Minimal WordPress route (pseudo)
– register_rest_route(‘ai-guy/v1’, ‘/user-sync’, [
– ‘methods’ => ‘POST’,
– ‘permission_callback’ => function($request) {
// Verify Authorization header or shared HMAC
return current_user_can(‘manage_options’) || verify_server_token($request);
},
– ‘callback’ => function($request) {
$data = $request->get_json_params();
// validate schema; sanitize
// wp_insert_user or wp_update_user
// set/update user meta
return new WP_REST_Response([‘ok’ => true], 200);
}
])
Django → WordPress Request
– POST with:
– Authorization: Bearer or Basic (App Password)
– X-Request-Id: {uuid}
– X-Signature: HMAC_SHA256(shared_secret, raw_body)
– Retries: exponential backoff (e.g., 1s, 3s, 9s, 27s, jitter), max 5 tries.
– Idempotency: include Idempotency-Key header and handle at WordPress by short-circuiting duplicates.
Security Controls
– Signature verification per provider; rotate secrets quarterly.
– Replay protection with timestamp and nonce storage (Redis SETEX).
– Payload limits and JSON schema validation.
– Network controls: only expose /ingest via a public path; restrict /admin with VPN.
– Secrets in environment variables; no secrets in code or DB exports.
– Audit fields (created_by, source_ip, user_agent).
– PII minimization and encryption at rest if needed.
Observability
– Structured JSON logs: event_id, tenant, source, outcome, latency_ms.
– Metrics:
– webhook.ingest.count, .fail.count
– job.duration.ms, job.retry.count
– wordpress.http.2xx/4xx/5xx
– Tracing: propagate traceparent to WordPress; annotate external calls.
– DLQ: failed events after N retries go to DLQ table + Slack/Email alert.
Performance & Scale
– Keep ingress fast: verify + enqueue only; never call WordPress inline.
– Use gunicorn with async workers or uvicorn + ASGI for bursty loads.
– Redis for locks, idempotency keys, and short-lived state.
– Batch downstream operations when possible (e.g., queue coalescing per user).
– Backpressure: pause workers on WP 5xx storms; circuit breaker per endpoint.
Local Development
– Use ngrok or Cloudflare Tunnel for provider callbacks.
– Seed tenant/provider secrets in .env (never commit).
– Replay fixtures from saved JSON payloads.
– Integration tests:
– Valid signature → 202; invalid → 401
– Duplicate event → 200 no-op
– Worker retry logic on transient WordPress 5xx
– Contract tests for WordPress routes with schema checks.
Example .env (redacted)
– PROVIDER_SECRETS_STRIPE=tenantA:sk_live_xxx,tenantB:sk_live_yyy
– WORDPRESS_BASE_URL=https://example.com
– WORDPRESS_TOKEN=…
– HMAC_SHARED_SECRET=…
Cutover Plan
– Deploy Django gateway behind HTTPS (HSTS).

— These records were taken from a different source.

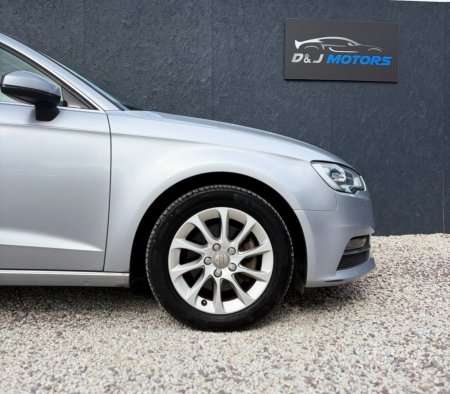 2014 Audi A3 - photo 14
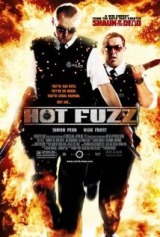 Hot Fuzz (2007) first entered on 22 April 2007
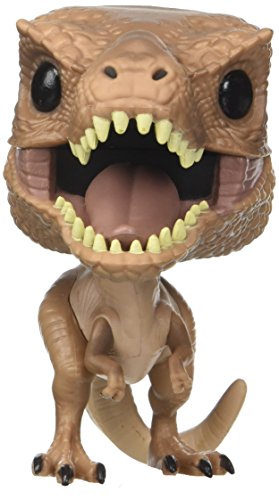 Jurassic Park 25th Anniv - Tyrannosaurus Rex #548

– Create provider webhook endpoints per tenant: https://api.yourdomain.com/api/webhooks/stripe
– Validate signatures live; mirror events to a non-production DLQ initially.
– Gradually enable WordPress writes per event type; monitor metrics.
– Add dashboards and alerts; document runbooks.
Failure Handling
– Provider 429/5xx at ingress: accept and queue; never call back providers.
– WordPress 4xx: mark failed, do not retry unless fixable (e.g., 409).
– WordPress 5xx/timeouts: exponential retry with jitter up to max window.
– Poison messages: move to DLQ with root-cause tag.
Deliverables checklist
– Django endpoint with signature verification and timestamp tolerance
– Redis idempotency + nonce store
– Celery worker with idempotent jobs and circuit breaker
– WordPress REST routes with auth, schema validation, and idempotent handling
– Observability: logs, metrics, traces, DLQ
– Runbooks: secret rotation, replay, backfills
This pattern keeps webhook security, reliability, and performance centralized, while WordPress remains a clean, fast presentation and light business layer. It’s battle-tested for multi-tenant automations and scales with your traffic.